Today I finally finished Marcus Aurelius’ Meditations to a satisfactory degree, by which I mean in full, thoroughly and with the accompanying notes for each entry at the back of the book.
Marcus explores many ideas, and owing to the personal nature of the book there’s a hefty amount of repetition, but he especially emphasises his desire to be a better person, both for his own personal virtue and for the benefit of his fellow man.
There are elements of his text that at best I am sceptical of – the idea that man does not willingly do wrong, or the concept of the ‘whole’, for example – but Marcus’ unwavering commitment to combating his personal flaws in the pursuit of a more just and divine soul is utterly inspiring.
In my ideal life, I want this to be my ultimate ambition. I want to be in a position personally and economically stable enough where this can be my main focus, having laid all other concerns to rest.
It feels like an enormous, perhaps even insurmountable task. How do I become solely responsible for all of my own affairs without compromising this goal? How is the necessary accumulation of capital in today’s world for the success of an individual, let alone a family, a condition that can effectively coexist with this aspiration?
Surely, somewhere in the process, I will be forced to temper or maybe even abandon this commitment if I continue down my current path?
I suppose one solution would be to obtain a position of employment where the requirements of the job are entirely removed from people’s needs, and where success does not entail nefarious manipulation or manoeuvring. This would entail a large – if not total – degree of control over any exchange, financial or otherwise, between client and place of employment.

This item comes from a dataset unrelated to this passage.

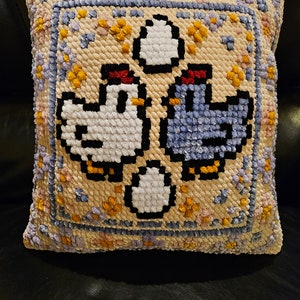Peut inclure: Un coussin beige avec un motif brodé coloré représentant deux poulets et des œufs. Les poulets sont blancs et bleus avec des crêtes rouges. Les œufs sont blancs.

This outcome would be achieved through two potential means. First, this position could be achieved through long-term development, at a workplace where the skills necessary to go it alone are learned through practical application. The problem with this is that in order to get there, you would have to cede control of the exchange to the firm, and you would either achieve it through a trail of potential exploitation outside of your control, or even lose sight of the goal on the way and become the very abomination you wished to avoid being.

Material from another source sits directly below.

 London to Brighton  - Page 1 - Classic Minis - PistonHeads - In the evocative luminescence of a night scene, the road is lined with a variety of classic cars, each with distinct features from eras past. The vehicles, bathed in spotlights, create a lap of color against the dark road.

Alternatively, you would start at the beginning by ensuring control over any exchanges, either by finding a place where there is no exchange, or ensuring total control over the exchange. The former would need to be one totally removed from the market system – I can’t even think of one right now – while the latter would assume a pre-existing skill level and aptitude that I do not currently possess in marketable fields.
It feels like an inevitable looming resignation to a system that isn’t so far removed from slavery. Don’t get me wrong; it’s not a slavery of torture, or even of any great discomfort. It offers security, a sense of independence, potentially the ability to build a life and maybe even a legacy of sorts in the form of a family. In all likelihood, there’s never been a better time to be alive, in developed nations at least.

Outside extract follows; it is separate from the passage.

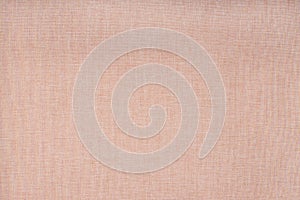 Light pink fabric texture - close-up on a piece of salmon pink linen fabric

But maybe a form of slavery because we live in a world where virtue without absolute religious devotion seems extraordinary.
We’ve created a world that is at least tolerable for a huge percentage of the global population; for a much smaller percentage it is even actively wonderful. For a percentage somewhere in between, I imagine, it is actively abhorrent.
And yet success in this world is driven by a continuation of a system where the ultimate goal is not to be a better person. Sometimes this pursuit is not even part of the equation. Even when the world has witnessed revolutions, of which there has been many, the global tune returns to the slow, methodical drumbeat of the struggle for economic prosperity.
I am a part of that system. Part of me bemoans it; all of me acknowledges it. I will not sit here and strum the violin for fallen visionaries – I’ve read of the unbelievable bloodshed that has continually and reliably occurred in the name of political change – and I must acknowledge the irony of Marcus’ own position at the head of Roman legions in Germany during his reign.
Anyway, this is all getting away from me. I want to lead a good life. And I fear that at some point, I might look back and realise that has not always been the case.